Omtrent deezen tijd raakte de Zwartehoop merkelijk verstrooid. Tweeduizend man van denzelven, Friesland hebbende verlaaten, begaf zich na Holland, in Oostenrijkschen dienst. Van de overigen begaven zich veelen, in Franschen dienst, na Italië. Hier dienden zij onder Hertog KAREL VAN GELDER, die, naar het oogmerk van zijnen veldtogt bereikt te hebben, dezelven, in den Jaare 1517, na Friesland deedt wederkeeren. De Oostenrijksche hadden, onlangs, zich hier van verscheiden Plaatzen meester gemaakt, met naame van Stavoren, Workum, Hindelopen en Bolsward, welke te vooren aan de Geldersche waren overgegaan. Om den verderen loop der Oostenrijken te stuiten, vondt Hertog KAREL geen bekwaamer middel, dan om den Zwartenhoop derwaarts te zenden, van wiens dapperheid hij, in de Italiaanschen Veldtogt, de spreekendste bewijzen hadt ondervonden. Naar het platte Land alomme te hebben afgeloopen, belegerden zij Dokkum, en maakten ’er zich, bij verdrag, meester van, op den twaalfden Junij des Jaars 1517.

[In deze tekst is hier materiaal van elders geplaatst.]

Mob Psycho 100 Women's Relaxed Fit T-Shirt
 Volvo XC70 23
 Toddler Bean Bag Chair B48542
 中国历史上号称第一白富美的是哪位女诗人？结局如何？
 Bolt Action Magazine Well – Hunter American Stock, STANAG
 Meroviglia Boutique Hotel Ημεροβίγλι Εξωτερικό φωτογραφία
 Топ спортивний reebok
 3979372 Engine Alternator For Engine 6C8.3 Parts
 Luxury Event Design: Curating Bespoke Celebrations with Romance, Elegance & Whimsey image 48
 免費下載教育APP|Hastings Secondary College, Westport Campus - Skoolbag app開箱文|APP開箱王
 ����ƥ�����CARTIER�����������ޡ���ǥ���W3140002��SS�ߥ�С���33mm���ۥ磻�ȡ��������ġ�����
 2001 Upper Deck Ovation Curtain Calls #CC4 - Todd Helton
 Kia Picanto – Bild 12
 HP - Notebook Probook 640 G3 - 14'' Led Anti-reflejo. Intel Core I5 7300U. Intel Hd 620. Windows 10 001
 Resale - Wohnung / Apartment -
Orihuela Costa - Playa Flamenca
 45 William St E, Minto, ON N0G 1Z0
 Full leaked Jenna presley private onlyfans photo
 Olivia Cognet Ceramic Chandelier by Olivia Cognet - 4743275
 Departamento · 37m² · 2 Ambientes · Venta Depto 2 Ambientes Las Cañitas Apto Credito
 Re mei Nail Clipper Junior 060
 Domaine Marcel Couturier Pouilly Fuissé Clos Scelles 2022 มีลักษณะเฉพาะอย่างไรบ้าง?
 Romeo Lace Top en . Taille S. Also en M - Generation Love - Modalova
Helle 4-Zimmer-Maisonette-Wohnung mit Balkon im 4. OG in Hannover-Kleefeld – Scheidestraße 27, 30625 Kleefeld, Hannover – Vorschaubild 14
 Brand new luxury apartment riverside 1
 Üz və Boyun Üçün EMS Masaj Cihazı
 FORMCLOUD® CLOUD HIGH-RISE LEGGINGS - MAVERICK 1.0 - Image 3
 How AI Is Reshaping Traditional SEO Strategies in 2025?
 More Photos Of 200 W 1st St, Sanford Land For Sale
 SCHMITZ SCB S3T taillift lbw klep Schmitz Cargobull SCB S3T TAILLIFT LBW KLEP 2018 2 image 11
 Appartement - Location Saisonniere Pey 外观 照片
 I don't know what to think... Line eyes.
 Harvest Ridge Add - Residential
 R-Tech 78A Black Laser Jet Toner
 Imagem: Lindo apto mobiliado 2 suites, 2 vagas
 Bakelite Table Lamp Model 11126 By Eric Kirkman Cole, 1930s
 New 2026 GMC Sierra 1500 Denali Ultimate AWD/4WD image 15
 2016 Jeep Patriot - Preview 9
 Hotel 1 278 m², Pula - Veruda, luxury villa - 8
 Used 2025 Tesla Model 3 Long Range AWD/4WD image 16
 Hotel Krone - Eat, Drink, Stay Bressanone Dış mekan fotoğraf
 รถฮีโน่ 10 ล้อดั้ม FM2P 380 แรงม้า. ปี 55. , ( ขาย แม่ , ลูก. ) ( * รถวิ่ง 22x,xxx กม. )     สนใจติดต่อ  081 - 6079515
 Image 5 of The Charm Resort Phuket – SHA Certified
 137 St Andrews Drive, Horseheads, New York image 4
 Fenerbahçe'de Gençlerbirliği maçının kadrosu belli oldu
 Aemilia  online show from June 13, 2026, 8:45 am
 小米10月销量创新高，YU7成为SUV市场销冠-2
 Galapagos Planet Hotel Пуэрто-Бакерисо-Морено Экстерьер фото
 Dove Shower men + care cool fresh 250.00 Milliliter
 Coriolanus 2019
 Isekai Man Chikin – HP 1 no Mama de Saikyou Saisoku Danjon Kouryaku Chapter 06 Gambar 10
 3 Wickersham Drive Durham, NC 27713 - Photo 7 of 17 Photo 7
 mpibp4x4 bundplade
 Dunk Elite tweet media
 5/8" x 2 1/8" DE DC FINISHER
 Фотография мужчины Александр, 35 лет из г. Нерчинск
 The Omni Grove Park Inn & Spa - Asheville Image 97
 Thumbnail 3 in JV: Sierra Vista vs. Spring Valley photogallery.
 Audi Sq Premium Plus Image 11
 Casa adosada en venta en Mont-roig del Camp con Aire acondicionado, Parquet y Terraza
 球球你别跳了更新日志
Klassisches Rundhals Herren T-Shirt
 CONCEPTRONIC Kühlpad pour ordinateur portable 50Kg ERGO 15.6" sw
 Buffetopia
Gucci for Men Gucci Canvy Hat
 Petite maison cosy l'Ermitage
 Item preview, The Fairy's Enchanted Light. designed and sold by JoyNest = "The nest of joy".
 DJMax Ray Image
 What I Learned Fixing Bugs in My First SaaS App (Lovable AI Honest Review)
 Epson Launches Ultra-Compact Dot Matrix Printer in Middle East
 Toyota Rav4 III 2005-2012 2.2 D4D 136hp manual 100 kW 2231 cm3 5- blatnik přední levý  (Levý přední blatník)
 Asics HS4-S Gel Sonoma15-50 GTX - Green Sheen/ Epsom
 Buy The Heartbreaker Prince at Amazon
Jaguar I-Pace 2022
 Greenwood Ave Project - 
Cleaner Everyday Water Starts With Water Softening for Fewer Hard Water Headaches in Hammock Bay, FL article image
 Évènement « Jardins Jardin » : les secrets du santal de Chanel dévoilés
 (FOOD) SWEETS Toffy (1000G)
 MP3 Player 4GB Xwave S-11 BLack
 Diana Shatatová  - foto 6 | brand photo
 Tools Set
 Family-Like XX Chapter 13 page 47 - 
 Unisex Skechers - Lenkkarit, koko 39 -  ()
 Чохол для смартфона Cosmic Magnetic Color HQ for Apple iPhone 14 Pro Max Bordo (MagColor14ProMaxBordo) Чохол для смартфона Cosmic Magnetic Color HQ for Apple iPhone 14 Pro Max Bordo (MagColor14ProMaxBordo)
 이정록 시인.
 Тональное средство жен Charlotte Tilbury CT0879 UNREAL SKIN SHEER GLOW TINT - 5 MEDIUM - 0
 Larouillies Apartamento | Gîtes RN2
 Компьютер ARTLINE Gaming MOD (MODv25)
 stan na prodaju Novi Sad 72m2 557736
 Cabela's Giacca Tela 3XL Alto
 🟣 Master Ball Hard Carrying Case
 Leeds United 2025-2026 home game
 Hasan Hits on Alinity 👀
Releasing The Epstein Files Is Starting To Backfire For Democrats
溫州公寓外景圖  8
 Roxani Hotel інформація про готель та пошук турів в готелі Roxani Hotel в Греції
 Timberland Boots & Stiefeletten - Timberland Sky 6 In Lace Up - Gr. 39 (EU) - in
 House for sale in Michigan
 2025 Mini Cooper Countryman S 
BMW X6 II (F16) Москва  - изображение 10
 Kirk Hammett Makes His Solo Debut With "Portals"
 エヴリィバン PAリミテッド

Vervolgens de Provincie zijnde doorgetrokken, gingen ze in de Kuinder scheep, staken over na Holland, en zetteden, dertien dagen daar naa, ten getale van ruim drieduizend man, bij Medenblik voet aan land. Deerlijk waren de verwoestingen, welke zij, vervolgens, in Holland aanrigtten. De straks genoemde Stad wierdt stormenderhand veroverd, leeg geplonderd, en plat gebrand. Opperdoes en Twisk aan koolen gelegd hebbende, toogen zij op na Alkmaar, alles, wat hun ontmoette, onderweg doodslaande. De straks genoemde Stad wierdt drie dagen agter een geplunderd. Zo groot was de buit, hier behaald, aan eetwaaren, klederen, juweelen, en andere kostbaarheden, dat, volgens verklaaring der Stedelingen, de geledene schade in geene dertig jaaren door hen zou kunnen te boven gekoomen worden. Nog andere soortgelijke baldaadigheden pleegden zij in hunnen optogt na de Beverwijk, en van daar na ’t Huis ter Hart, tusschen Amsterdam en Haarlem, van waar zij, door de Amstellandsche Veenen, hunnen optogt hebbende voortgezet na het Sticht, zich eerlang van Asperen verzekerden. Zinta deezen tijd schijnen zij allengskens uit elkander geraakt, en ook hun naam te zijn verdwenen.

Zie BENINGA, Chron. PONTANUS, Geldersche Geschiedenissen, enz.